Once it was as dark, we had an unusually clear view of the glorious globular, Omega Centauri, as it culminated just 11.5 degrees above the southern horizon.  We went on to see many other, though somewhat less spectacular, summer globular and open clusters, as well as several galaxies and planetary and diffuse nebulae until 1:00AM.

Many of you may have heard of the legendary observing skills of the Houston Astronomical Society’s, Barbara Wilson.  We can now boast of our own keen-eyed observer.  After Kim had called our attention to about the seventh or eighth faint satellite passage (without the benefit of predictions), and asking if there was a star in Corvus (zeta Corvi, at magnitude 5.2), I presented her with a couple of visual acuity challenges.  She immediately saw M-13 naked-eye.  Guessing that she could see fainter objects, I asked if she saw anything in the “Lozenge” of Draco.  Without hesitation, she saw the 5.75 magnitude star in the center.  When I asked her to describe Epsilon Lyrae (using the laser pointer), Kim reported “two elongated stars”!


Loaner Scopes


Loaner scope steward, Rhon Jenkins, reports that the PST solar scope and the 8-inch Dob will be available at this Friday’s meeting.  Let Rhon know ASAP if you (members only) would like have your name added to the list to borrow either of these telescopes for the month of June. 

Space News
John Zachry


June 4, 2006 - Official start of Venus Express observations

June 4 - Venus Express’ nominal science phase begins <
June 4 - National Geographic Channel "Space Race: The Untold Story" 8 p.m. CDT 
June 13 - Science Channel "Most of Our Universe is Lost" 8 p.m. CDT
June 21 - Mercury greatest eastern elongation


Treasurer’s Report


After our annual Astronomical League dues payment of $175.00, our bank balance is $427.37.

Telescope First Aid Needed


Calling all Meade LX200 owners.See if you can help Jim with this problem:

From: "Jim McLaughlin" <>

Hope Friday nite was good and that you had some company.  I'm not sure when I'll make the next observing session, because of a problem that showed up with my scope that may be serious.  I haven't powered up my scope in some months since my observing in my backyard doesn't require GoTo and manually tracking is not a problem for what I'm generally able to see.  As soon as the power is switched on the scope goes into a slow rotation of the declination axis and the dec motor seems to stay on continuously so it won't get still to be set up for guiding or tracking; the keypad does nothing and it won't slew in that axis  but the RA slew works.  I called the Meade people and there were no words of wisdom offered.  They want $395 to ship it back to the factory for repairs and I'm not sure I shouldn’t save that money to go for a big Dob, so I'll agonize for a while.  It's like putting money in an old car, at what point do you cut your losses?  The optics are unaffected but to add insult to injury I couldn’t resist taking off the front control panel to see if there was anything simple to fix like a loose wire, etc but in the process I removed the manual control knob for the declination movement and it didn't go back on as solidly as from the factory....
I've thought about the knowledge of the deep sky one misses with a GoTo scope and this may be a signal that I should get away from that and learn my way around the old fashioned way, but not having a drive will be a major pain. Wish me luck!

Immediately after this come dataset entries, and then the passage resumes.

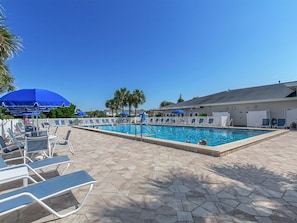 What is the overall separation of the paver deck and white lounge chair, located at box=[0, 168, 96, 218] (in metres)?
0.54

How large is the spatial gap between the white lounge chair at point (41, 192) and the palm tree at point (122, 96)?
39.6 m

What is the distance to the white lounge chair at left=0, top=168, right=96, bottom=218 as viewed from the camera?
6.15 ft

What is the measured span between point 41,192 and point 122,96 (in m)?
40.3

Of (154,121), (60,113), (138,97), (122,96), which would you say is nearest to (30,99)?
(154,121)

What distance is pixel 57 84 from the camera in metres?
29.4

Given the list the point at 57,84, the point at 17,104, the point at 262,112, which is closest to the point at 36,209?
the point at 17,104

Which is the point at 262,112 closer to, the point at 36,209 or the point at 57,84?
the point at 36,209

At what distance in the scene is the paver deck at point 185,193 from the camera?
2441 millimetres

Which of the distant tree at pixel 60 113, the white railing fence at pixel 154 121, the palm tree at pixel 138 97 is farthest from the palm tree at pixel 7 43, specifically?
the palm tree at pixel 138 97

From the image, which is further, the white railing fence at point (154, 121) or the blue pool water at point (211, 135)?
the white railing fence at point (154, 121)

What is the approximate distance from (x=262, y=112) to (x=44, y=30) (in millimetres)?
22340

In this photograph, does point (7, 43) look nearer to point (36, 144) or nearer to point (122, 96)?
point (36, 144)

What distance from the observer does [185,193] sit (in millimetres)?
3145

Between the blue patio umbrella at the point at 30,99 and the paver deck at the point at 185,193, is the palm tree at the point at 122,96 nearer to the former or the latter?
the blue patio umbrella at the point at 30,99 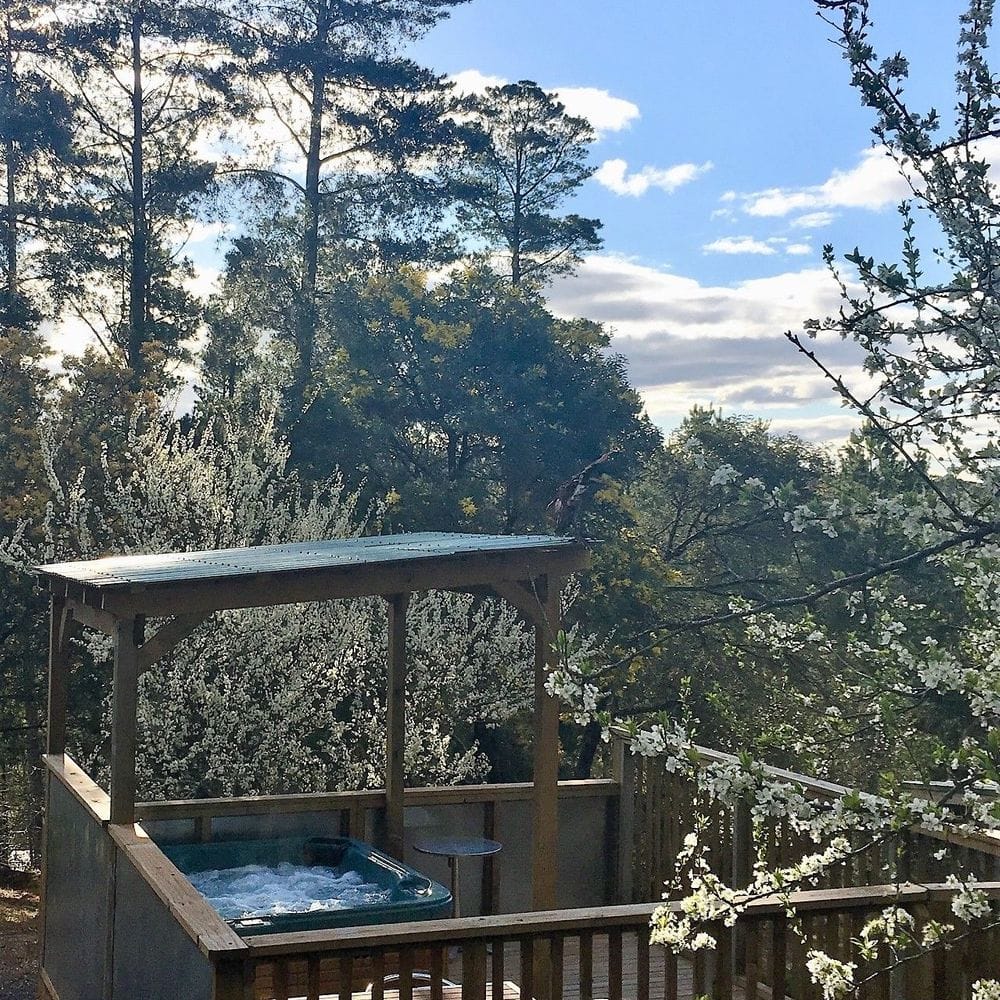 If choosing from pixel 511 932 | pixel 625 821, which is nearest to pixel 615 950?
pixel 511 932

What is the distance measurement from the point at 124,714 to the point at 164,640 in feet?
1.11

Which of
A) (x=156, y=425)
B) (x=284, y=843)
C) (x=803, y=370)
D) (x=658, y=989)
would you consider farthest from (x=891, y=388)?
(x=156, y=425)

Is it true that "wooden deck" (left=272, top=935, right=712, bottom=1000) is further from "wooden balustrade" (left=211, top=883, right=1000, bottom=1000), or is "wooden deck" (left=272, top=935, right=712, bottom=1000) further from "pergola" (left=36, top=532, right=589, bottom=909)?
"wooden balustrade" (left=211, top=883, right=1000, bottom=1000)

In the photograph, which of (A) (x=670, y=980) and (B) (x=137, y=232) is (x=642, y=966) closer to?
(A) (x=670, y=980)

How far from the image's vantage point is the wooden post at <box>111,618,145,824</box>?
16.0 ft

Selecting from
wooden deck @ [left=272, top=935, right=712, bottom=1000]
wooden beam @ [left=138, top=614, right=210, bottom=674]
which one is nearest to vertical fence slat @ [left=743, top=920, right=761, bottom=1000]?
wooden deck @ [left=272, top=935, right=712, bottom=1000]

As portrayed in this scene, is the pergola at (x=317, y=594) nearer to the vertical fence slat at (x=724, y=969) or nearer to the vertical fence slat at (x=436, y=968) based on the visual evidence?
the vertical fence slat at (x=724, y=969)

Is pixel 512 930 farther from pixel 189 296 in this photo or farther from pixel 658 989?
pixel 189 296

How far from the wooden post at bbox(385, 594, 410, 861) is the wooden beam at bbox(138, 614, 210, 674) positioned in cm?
154

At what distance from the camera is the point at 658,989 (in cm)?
550

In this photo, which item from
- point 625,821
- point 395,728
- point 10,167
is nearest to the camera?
point 395,728

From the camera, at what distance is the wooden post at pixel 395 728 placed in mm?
6559

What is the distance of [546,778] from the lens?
19.1ft

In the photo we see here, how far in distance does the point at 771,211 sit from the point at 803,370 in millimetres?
3697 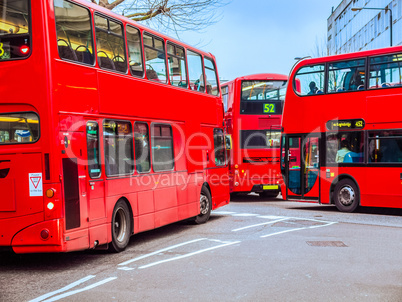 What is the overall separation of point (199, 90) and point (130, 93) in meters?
4.08

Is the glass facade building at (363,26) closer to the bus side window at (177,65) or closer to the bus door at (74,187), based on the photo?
the bus side window at (177,65)

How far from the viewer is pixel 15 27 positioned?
8.93 metres

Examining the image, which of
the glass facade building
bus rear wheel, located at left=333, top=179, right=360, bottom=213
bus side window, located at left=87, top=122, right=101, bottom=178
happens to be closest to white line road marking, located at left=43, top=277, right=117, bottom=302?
bus side window, located at left=87, top=122, right=101, bottom=178

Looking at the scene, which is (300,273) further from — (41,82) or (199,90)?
(199,90)

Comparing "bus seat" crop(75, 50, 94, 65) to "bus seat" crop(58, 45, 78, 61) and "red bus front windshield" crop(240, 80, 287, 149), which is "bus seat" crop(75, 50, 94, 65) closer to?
"bus seat" crop(58, 45, 78, 61)

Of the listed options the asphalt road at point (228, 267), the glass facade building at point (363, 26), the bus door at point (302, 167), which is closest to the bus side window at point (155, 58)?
the asphalt road at point (228, 267)

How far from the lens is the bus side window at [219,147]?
54.2 ft

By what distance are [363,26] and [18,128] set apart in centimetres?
5445

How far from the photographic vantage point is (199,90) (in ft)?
50.0

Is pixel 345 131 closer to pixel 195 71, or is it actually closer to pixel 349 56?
pixel 349 56

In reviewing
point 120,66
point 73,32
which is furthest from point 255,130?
point 73,32

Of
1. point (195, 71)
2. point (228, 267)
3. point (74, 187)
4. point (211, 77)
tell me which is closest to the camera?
point (228, 267)

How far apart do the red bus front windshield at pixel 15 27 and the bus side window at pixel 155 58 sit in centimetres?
360

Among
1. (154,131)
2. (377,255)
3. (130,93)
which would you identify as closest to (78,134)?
(130,93) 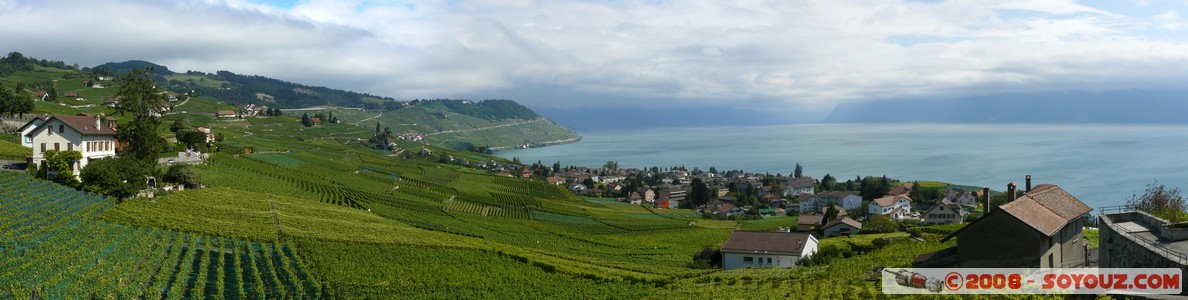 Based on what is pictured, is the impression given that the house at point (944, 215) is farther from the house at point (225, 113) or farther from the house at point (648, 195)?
the house at point (225, 113)

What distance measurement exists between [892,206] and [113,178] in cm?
7408

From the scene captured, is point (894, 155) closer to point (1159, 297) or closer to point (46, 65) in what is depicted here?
point (1159, 297)

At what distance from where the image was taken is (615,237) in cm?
4991

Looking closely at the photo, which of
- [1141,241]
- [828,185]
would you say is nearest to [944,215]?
[828,185]

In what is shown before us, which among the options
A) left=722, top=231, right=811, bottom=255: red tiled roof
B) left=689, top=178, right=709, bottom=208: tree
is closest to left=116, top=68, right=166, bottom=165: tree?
left=722, top=231, right=811, bottom=255: red tiled roof

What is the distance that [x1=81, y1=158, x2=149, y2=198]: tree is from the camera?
29.8 metres

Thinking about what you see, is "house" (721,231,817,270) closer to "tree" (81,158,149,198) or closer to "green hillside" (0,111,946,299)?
"green hillside" (0,111,946,299)

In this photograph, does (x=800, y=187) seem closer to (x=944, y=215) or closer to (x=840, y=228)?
(x=944, y=215)

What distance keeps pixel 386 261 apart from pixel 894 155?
16845 centimetres

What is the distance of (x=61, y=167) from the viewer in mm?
31031

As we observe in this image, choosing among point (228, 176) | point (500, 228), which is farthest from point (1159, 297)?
point (228, 176)

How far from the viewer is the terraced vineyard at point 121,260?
16328mm

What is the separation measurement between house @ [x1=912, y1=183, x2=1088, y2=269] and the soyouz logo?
38cm

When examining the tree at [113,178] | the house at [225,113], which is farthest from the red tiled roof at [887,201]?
the house at [225,113] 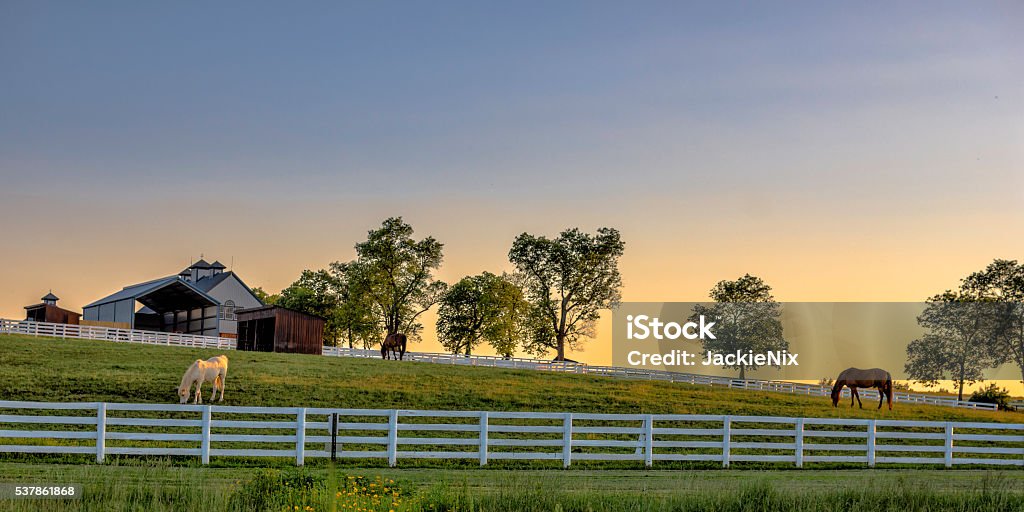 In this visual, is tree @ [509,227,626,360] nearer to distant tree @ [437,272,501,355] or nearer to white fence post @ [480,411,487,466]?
distant tree @ [437,272,501,355]

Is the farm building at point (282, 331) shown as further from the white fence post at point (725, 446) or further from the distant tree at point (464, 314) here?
the white fence post at point (725, 446)

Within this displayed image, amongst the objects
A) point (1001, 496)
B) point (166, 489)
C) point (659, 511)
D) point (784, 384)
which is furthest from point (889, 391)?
point (166, 489)

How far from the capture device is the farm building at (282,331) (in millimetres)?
53688

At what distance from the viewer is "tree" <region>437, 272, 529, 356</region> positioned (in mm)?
72375

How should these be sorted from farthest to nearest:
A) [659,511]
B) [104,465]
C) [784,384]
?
[784,384]
[104,465]
[659,511]

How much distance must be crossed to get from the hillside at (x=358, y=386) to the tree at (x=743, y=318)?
21.0 meters

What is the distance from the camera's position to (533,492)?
1411 centimetres

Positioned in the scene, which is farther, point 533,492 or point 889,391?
point 889,391

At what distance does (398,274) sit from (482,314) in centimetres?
671

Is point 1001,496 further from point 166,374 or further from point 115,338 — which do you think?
point 115,338

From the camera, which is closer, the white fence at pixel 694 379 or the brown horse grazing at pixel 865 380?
the brown horse grazing at pixel 865 380

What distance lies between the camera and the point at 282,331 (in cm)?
5372

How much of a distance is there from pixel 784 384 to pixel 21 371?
36208 mm

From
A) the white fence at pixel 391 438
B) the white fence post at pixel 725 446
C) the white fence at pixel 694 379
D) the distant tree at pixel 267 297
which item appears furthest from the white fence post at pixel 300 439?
Result: the distant tree at pixel 267 297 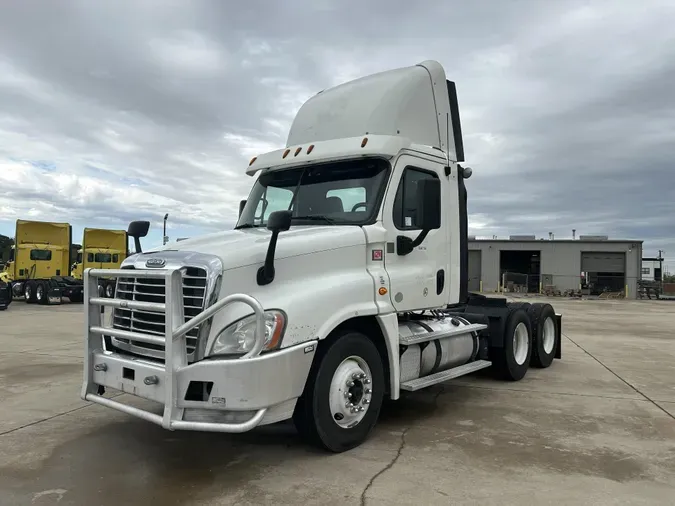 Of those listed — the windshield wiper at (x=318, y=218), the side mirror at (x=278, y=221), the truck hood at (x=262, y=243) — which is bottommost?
the truck hood at (x=262, y=243)

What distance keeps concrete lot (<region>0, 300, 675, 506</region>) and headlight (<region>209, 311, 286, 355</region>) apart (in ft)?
3.34

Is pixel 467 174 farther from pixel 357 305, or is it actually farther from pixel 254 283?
pixel 254 283

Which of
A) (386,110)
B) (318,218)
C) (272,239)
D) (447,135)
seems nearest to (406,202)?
(318,218)

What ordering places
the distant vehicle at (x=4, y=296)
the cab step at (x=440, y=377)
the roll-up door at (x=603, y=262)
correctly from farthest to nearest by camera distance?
the roll-up door at (x=603, y=262) < the distant vehicle at (x=4, y=296) < the cab step at (x=440, y=377)

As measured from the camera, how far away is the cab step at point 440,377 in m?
5.36

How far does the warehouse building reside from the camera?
137 ft

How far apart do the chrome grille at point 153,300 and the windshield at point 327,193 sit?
5.02 ft

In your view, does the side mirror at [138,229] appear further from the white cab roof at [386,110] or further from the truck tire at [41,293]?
the truck tire at [41,293]

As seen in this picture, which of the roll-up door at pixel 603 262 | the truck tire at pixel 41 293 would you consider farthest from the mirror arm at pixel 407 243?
the roll-up door at pixel 603 262

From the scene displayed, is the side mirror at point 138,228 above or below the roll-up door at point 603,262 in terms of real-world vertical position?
below

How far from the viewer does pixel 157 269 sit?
428 cm

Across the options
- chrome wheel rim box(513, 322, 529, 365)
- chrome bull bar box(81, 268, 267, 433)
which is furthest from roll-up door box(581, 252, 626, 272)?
chrome bull bar box(81, 268, 267, 433)

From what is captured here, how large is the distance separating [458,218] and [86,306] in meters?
4.18

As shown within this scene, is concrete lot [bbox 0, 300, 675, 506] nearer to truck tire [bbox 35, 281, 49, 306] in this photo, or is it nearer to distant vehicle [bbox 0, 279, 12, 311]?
distant vehicle [bbox 0, 279, 12, 311] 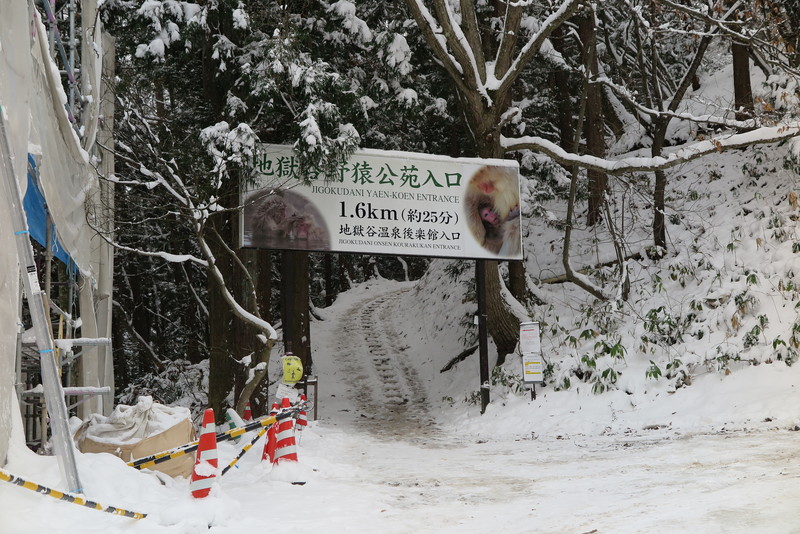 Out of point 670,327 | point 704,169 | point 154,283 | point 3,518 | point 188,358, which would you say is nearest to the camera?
point 3,518

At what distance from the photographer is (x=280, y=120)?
13797mm

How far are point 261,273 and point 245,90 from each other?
11.3 ft

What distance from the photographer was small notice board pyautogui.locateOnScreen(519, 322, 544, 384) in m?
12.4

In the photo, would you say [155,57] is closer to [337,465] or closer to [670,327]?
[337,465]

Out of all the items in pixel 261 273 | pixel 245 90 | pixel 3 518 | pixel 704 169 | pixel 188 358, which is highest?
pixel 245 90

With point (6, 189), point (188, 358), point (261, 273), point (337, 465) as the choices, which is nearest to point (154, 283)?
point (188, 358)

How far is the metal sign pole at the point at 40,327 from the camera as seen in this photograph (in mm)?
5039

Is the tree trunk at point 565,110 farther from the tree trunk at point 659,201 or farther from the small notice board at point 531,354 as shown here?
the small notice board at point 531,354

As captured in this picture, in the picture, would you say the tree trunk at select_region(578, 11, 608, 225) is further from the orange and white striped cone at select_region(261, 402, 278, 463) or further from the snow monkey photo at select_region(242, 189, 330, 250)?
the orange and white striped cone at select_region(261, 402, 278, 463)

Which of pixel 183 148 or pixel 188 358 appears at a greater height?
pixel 183 148

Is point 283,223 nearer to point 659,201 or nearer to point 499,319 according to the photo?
point 499,319

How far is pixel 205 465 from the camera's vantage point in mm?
5754

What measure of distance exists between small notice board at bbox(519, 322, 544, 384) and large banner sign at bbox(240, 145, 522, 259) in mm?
1829

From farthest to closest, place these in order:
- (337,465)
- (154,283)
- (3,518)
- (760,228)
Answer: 1. (154,283)
2. (760,228)
3. (337,465)
4. (3,518) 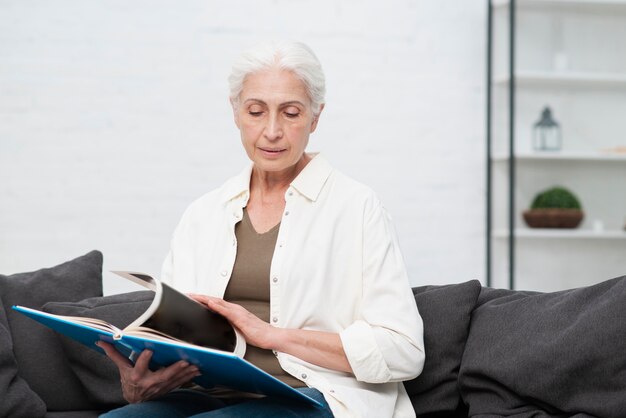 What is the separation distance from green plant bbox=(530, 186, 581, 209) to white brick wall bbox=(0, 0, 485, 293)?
320 millimetres

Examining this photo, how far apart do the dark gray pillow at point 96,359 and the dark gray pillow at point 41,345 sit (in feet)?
0.12

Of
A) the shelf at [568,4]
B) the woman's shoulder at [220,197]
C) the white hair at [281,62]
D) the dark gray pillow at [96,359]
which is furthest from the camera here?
the shelf at [568,4]

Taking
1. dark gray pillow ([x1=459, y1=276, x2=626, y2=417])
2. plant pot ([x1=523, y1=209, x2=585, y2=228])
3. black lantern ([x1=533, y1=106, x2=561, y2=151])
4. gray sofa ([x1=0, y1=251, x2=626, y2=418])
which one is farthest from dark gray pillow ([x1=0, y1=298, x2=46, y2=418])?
black lantern ([x1=533, y1=106, x2=561, y2=151])

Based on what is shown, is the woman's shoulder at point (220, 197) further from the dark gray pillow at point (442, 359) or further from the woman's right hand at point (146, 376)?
the dark gray pillow at point (442, 359)

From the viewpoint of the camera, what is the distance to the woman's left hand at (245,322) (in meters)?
1.86

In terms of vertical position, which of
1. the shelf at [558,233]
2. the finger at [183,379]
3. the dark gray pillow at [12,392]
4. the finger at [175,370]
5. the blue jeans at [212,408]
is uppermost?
the finger at [175,370]

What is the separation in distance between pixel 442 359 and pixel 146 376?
853 millimetres

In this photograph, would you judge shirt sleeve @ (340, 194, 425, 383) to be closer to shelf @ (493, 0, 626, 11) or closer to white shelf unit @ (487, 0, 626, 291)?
white shelf unit @ (487, 0, 626, 291)

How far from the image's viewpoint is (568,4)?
4777mm

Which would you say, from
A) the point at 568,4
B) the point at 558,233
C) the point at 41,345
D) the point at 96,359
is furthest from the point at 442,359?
the point at 568,4

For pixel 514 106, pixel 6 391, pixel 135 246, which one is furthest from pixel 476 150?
pixel 6 391

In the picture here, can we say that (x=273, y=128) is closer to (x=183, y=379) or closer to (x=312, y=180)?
(x=312, y=180)

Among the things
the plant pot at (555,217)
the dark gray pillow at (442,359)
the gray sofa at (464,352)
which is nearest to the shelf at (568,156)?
the plant pot at (555,217)

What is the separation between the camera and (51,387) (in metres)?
2.52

If you have knowledge about the Tasco 11TR’s equatorial mount, Peggy could use some help.  Her declination slow-motion control doesn’t seem to be working:
From: “Peggy Russell” <>

… it is clear that my telescope is in need of repair!  I'd like to ask the members of the group at the next meeting if they know someone who may be able to repair it.  If not, I'll start researching a new one.